Caros cotistas, investidores e parceiros,
Um dos maiores eventos científicos do ano foi a divulgação da foto de um anel esfumaçado de cor alaranjada, com um centro escuro: a primeira foto de um buraco negro da história. Este feito foi fruto de um trabalho colaborativo de mais de 200 pesquisadores ao redor do mundo, processando uma quantidade gigantesca de dados, vinda de oito telescópios ao redor do planeta.

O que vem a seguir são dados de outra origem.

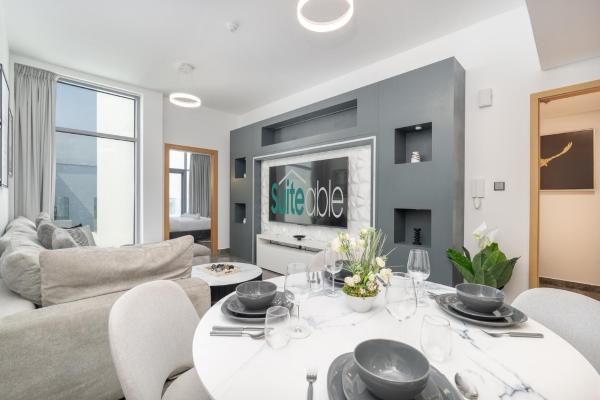 A la foto es mostra l'objecte Modern Comfort in a Spacious Apartment - Suiteable situat a la ciutat de Dubai.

O Event Horizon Telescope (EHT), uma iniciativa internacional conjunta, foi desenhado para capturar imagens de buracos negros. O buraco negro fotografado está no centro da galáxia Messier 87, a 55 bilhões de anos-luz da Terra e tem uma massa 6,5 bilhões maior que a do Sol.
De acordo com a Teoria Geral da Relatividade, buracos negros são regiões no espaço que sugam tudo ao seu redor, das quais nada, nem mesmo a luz, consegue escapar.
A importância da liquidez no mundo
Na Dahlia acreditamos que a liquidez geral do sistema é muito relevante para explicar os movimentos do mercado. Para contrabalancear os efeitos da crise de 2008 e após reduzir a taxa
de juros para zero, o Fed (banco central norteamericano) iniciou o seu primeiro Quantitative Easing (QE).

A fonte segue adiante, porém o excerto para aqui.